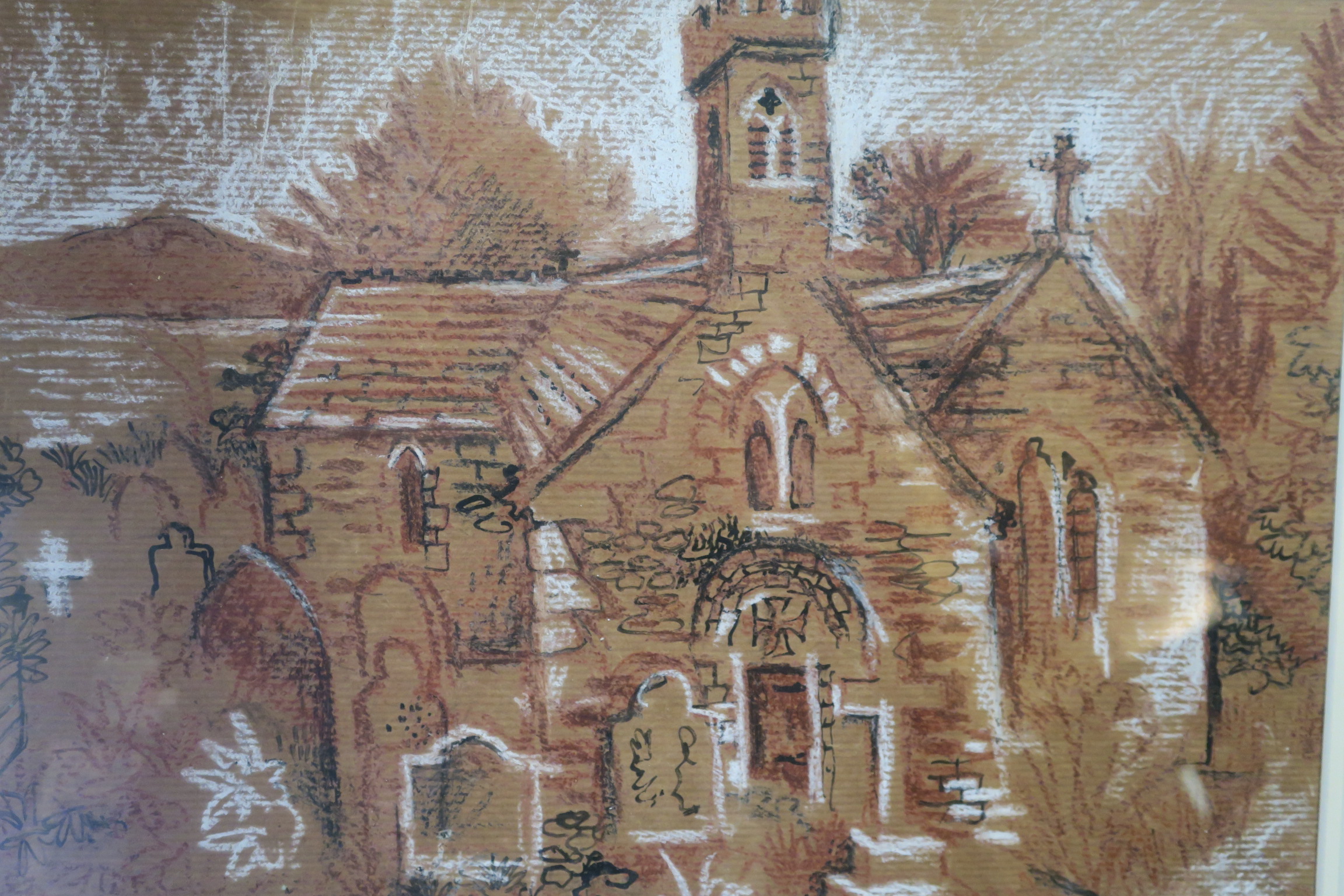 FRED YATES STUDY OF A CHURCH Charcoal and pastel Signed lower right Dated 70 26cm x 36cm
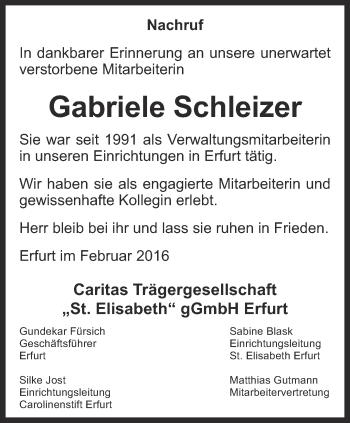 Traueranzeige von Gabriele Schleizer von Thüringer Allgemeine, Thüringische Landeszeitung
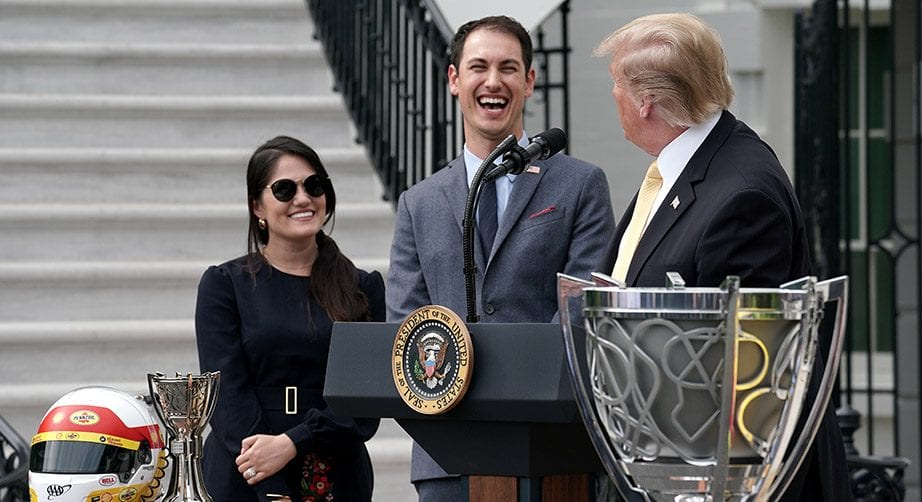 Joey Logano and President Donald Trump at the White House.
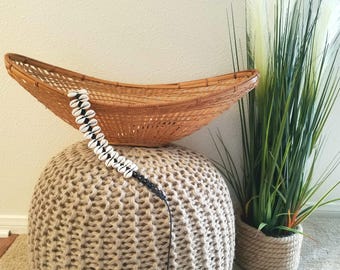 Vintage Long Shallow Wicker Basket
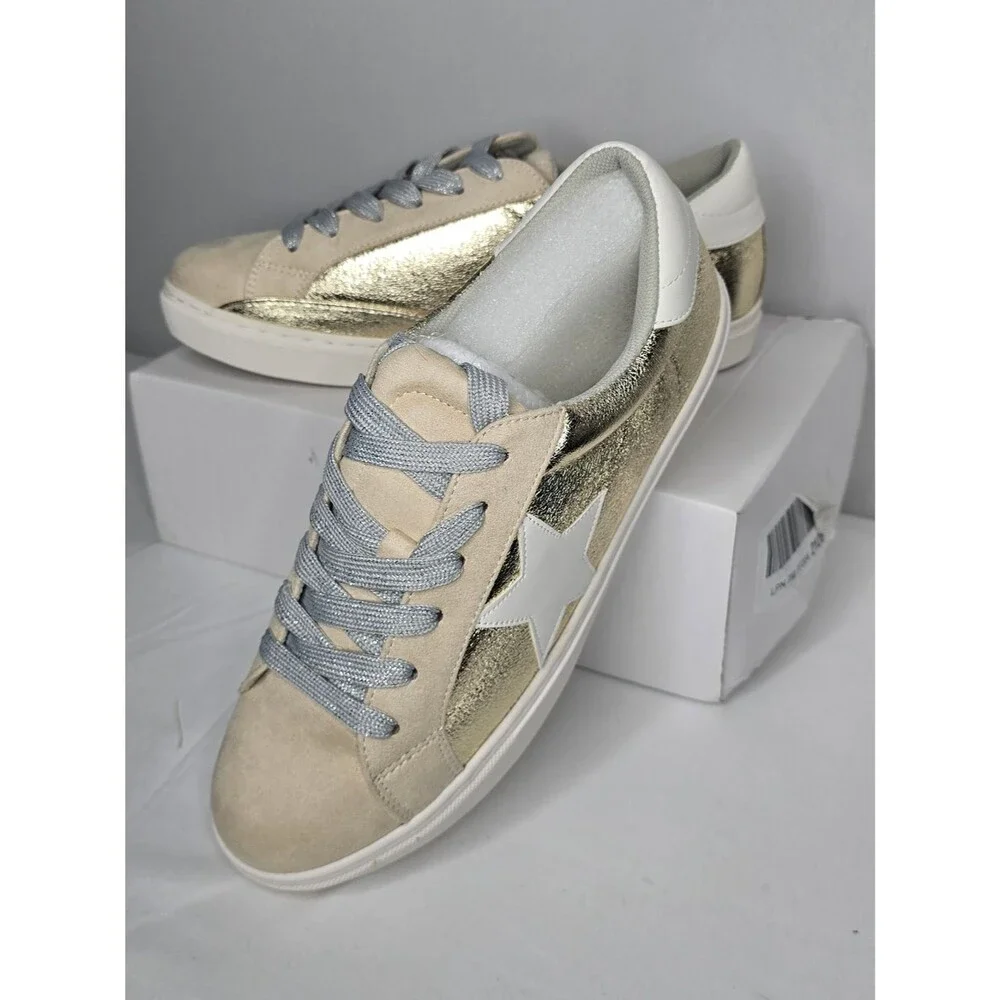 Women's Size 9 Party Podcast Metallic Gold & Beige Star Accent Sneakers NEW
......
The problem: Print exactly the span of lines that begins with the line containing "Vintage Long Shallow Wicker Basket" and ends with the last line of the listing, with no pictures.

Response:
 Vintage Long Shallow Wicker Basket
 Women's Size 9 Party Podcast Metallic Gold & Beige Star Accent Sneakers NEW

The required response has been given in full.